Willie

joined 2 years ago
[–] Willie@kbin.social 2 points 2 years ago

I thought TES6 was already not going to be on PlayStation.

[–] Willie@kbin.social 6 points 2 years ago (2 children)

Yeah, you're correct in that assumption.

I've only really ever heard of the box outside of someone's home being called a postbox or mailbox. Despite the fact that both terms also refer to the box at the post office where you can put outgoing mail, there's just no separate word for them. And I've only ever heard of the slot on the house door where the mail is placed being called a mail slot.

Letterbox is a completely new term to me in this context... and I still am not quite sure what it would mean, if not a mailbox. Haha.

[–] Willie@kbin.social 1 points 2 years ago

It is nice if you live in a small town or the middle of nowhere to have resistive heating. There aren't any gas lines running out there to provide your home with a constant stream of gas, so if you want a gas powered solution, you end up having to have a pig (it's this gas tank thing) outside your home, and you have to pay to have LP trucked out to fill it up many times a winter, and if you forget to check the pig and run out of gas, your family gets cold, and then you have to pay extra to get the truck to come quickly.

Meanwhile resistive heating uses the power lines that are run pretty much everywhere, and you pay monthly with your power bill, instead of incurring a larger charge for a longer period of time all at once.

But also, and I don't know if this is true or not, so don't quote me, heat pumps don't work if it is too cold outside, and a lot of the time when it is winter, it is very cold outside.

Basically, resistive heating has its place. As for running calculations to create heat, I'm not sure if that's effective on its own, I feel like you'd need a space heater or two to kickstart your way to having a warm home if the temperature changes suddenly, but apart from that the idea seems pretty sound.

[–] Willie@kbin.social 12 points 2 years ago (12 children)

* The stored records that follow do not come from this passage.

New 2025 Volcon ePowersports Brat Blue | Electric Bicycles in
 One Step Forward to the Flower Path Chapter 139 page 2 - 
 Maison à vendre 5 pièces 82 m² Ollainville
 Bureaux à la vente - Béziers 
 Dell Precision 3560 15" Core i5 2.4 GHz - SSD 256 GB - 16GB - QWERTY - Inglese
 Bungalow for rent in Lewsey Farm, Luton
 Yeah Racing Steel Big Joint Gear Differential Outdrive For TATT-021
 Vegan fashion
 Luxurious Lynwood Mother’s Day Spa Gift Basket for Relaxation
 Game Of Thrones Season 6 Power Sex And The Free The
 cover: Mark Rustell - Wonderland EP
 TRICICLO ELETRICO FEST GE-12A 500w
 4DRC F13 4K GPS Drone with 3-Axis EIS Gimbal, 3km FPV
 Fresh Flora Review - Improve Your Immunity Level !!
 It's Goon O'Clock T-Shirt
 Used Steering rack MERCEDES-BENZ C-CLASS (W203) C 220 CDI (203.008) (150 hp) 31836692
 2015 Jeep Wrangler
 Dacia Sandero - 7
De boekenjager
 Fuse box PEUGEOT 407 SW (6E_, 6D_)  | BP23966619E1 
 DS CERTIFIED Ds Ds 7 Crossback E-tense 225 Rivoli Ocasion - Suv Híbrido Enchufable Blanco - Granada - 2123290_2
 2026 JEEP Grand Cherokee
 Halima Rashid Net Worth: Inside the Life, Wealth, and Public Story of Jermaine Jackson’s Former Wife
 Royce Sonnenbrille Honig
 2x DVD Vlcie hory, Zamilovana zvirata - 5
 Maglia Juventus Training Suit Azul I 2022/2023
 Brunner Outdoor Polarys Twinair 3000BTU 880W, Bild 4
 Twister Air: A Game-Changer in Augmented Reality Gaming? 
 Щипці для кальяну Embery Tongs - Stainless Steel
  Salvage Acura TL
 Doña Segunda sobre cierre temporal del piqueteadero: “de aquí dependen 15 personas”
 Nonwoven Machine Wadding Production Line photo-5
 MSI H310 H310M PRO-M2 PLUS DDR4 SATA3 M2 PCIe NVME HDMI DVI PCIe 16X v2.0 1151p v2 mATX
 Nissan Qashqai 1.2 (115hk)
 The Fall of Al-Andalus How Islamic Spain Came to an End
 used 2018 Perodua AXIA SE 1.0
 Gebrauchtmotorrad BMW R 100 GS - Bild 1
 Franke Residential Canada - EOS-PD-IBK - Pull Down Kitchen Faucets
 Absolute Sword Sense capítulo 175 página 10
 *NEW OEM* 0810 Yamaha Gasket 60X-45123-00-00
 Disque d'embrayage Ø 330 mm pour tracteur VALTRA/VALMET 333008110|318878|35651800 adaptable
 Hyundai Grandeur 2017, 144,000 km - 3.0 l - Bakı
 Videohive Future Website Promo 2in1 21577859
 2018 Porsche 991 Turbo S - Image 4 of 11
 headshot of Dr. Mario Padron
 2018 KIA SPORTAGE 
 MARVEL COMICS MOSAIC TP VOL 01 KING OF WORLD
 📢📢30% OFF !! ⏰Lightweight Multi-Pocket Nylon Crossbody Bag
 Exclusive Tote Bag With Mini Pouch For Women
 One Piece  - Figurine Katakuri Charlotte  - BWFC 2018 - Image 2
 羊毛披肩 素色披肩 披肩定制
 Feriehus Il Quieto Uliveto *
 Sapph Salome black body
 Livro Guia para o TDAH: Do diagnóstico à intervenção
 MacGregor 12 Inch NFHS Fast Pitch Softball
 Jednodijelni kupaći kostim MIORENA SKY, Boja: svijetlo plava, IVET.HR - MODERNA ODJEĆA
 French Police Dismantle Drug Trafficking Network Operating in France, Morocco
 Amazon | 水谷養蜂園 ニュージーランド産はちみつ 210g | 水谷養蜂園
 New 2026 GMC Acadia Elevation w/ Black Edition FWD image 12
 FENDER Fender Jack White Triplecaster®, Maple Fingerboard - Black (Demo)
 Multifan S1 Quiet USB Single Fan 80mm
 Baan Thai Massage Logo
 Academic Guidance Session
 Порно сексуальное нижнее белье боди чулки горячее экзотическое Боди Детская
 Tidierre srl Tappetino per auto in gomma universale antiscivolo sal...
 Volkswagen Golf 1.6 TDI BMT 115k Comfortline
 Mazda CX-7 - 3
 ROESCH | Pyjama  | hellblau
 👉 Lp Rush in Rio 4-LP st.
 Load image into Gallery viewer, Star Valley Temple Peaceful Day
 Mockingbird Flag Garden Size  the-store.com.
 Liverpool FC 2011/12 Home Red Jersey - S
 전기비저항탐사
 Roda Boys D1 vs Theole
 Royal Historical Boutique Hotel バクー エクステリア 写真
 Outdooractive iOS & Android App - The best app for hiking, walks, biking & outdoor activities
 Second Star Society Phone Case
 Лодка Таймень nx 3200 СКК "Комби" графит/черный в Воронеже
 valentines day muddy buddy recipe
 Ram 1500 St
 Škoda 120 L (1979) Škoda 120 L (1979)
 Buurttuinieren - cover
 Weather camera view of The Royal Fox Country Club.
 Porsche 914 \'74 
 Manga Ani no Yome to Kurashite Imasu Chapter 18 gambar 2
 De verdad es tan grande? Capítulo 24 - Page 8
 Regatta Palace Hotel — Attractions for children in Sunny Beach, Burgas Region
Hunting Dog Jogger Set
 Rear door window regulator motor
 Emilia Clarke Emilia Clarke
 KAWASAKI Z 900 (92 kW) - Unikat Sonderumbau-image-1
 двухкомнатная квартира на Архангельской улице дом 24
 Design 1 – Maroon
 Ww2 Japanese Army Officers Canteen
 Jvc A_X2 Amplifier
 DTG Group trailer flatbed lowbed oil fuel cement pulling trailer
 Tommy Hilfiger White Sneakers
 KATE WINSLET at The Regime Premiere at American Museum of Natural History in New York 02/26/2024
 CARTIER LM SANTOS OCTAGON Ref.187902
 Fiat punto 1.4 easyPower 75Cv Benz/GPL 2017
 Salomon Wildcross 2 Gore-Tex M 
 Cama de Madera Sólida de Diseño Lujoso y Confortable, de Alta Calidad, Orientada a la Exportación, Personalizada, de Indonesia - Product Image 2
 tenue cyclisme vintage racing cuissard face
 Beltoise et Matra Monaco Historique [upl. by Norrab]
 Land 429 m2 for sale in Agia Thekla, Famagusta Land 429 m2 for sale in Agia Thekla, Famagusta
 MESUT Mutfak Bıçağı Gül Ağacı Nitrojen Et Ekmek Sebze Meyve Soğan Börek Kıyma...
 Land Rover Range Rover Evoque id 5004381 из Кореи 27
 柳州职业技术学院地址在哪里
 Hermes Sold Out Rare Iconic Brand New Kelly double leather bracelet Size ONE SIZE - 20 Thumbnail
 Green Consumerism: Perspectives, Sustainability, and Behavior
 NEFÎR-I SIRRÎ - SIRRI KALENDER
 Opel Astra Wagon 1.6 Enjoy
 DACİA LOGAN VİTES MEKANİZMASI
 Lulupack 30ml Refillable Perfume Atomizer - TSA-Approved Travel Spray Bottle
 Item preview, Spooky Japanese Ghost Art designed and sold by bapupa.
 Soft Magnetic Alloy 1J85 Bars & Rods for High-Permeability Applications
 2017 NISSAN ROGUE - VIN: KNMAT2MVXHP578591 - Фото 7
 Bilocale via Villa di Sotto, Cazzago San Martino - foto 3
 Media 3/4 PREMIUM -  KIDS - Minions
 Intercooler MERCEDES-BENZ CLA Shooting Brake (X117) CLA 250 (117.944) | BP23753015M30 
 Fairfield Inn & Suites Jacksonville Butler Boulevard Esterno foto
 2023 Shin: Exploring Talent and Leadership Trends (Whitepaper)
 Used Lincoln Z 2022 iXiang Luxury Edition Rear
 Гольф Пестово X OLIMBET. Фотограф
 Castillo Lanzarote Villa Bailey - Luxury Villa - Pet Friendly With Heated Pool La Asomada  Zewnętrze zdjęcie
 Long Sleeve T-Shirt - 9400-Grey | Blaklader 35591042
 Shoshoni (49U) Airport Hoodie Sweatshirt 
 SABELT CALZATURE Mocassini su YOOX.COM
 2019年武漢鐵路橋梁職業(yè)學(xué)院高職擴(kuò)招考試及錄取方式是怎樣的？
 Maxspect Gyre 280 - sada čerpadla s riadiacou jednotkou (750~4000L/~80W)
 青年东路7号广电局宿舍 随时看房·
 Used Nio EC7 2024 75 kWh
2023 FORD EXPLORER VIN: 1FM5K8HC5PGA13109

You say that, but in the US, if you don't live in an apartment, your letterbox most likely doesn't lock or anything like that either. They may as well just be tossing the mail onto the floor.

[–] Willie@kbin.social 4 points 2 years ago (1 children)

It's so much easier to get started on a service like this vs Mastodon, where you kind of have to figure out what you want to look at completely on your own. I ended up only following my bros on Mastodon, which makes it a pretty useless service, since I talk to them regularly.

[–] Willie@kbin.social 3 points 2 years ago (4 children)

Make note about what? This is a good thing. They went through the efforts to acquire the rights for the training data, and people might have even been paid for the original work.

It's not like this stops someone from paying artists or photographers to make art or photos for their training data, or creating some sort of group where contributors actively give the rights to their own artwork or photos for a model, like some sort of open source project kind of thing, people love that kind of stuff! You're just acting like this is some awful thing, when it's completely fine, and the way it should be.

[–] Willie@kbin.social 3 points 2 years ago

Steam kind of does, I mean, if you have the achievement showcase on your profile, it'll totally say how many games you've gotten all the achievements for. That's about it though. Steam doesn't seem to care all that much about achievements.

[–] Willie@kbin.social 18 points 2 years ago* (last edited 2 years ago) (1 children)

Damn, I guess the years stopped coming.

[–] Willie@kbin.social 2 points 2 years ago

Honestly, if you want to use Nintendo Switch JoyCons as your PC controller, your best bet is to just use the JoyCons. I'm not sure if later revisions corrected it, but the HTC Vive controllers had pretty poor build quality, I'm not confident they could stand up to any real heavy usage.

The biggest issue with them though, is that they simply have too few buttons to do anything great with. On each one, you get two side buttons, a menu button, a power button, and (this is what kills it) a single trigger. This gives us 4 real buttons on each. We need ~16 to emulate a real controller, and we're only half way there. You might be able to squeak out some extra buttons from the touch pads, but I'm kind of assuming you'd be using those as joysticks, since the controllers have none. Having buttons and joysticks both in there sounds like a bad time.

So yeah, I'd probs go with the JoyCons and just live with the poor wireless range if possible. It kind of sucks, but they seem to be the right tool for the job.

[–] Willie@kbin.social 19 points 2 years ago (4 children)

I don't know though, I feel like giving money to an app for Lemmy would kind of be like supporting the wrong person. Especially if you haven't even donated to your instance's owner yet.

[–] Willie@kbin.social 7 points 2 years ago

Yeah, I learned about this as a child, since my cat would put her paw into the cat bowl and pull pieces of dry food out to eat on the floor.

I started putting her food on a plate and no more food was pulled to the floor.

The kitten I have now plays too rough and breaks all his whiskers off, so he doesn't mind the bowl. But he'll also get a plate if he mellows out.

[–] Willie@kbin.social 1 points 2 years ago (2 children)

I feel like that's even more of an agreement than a thumbs up.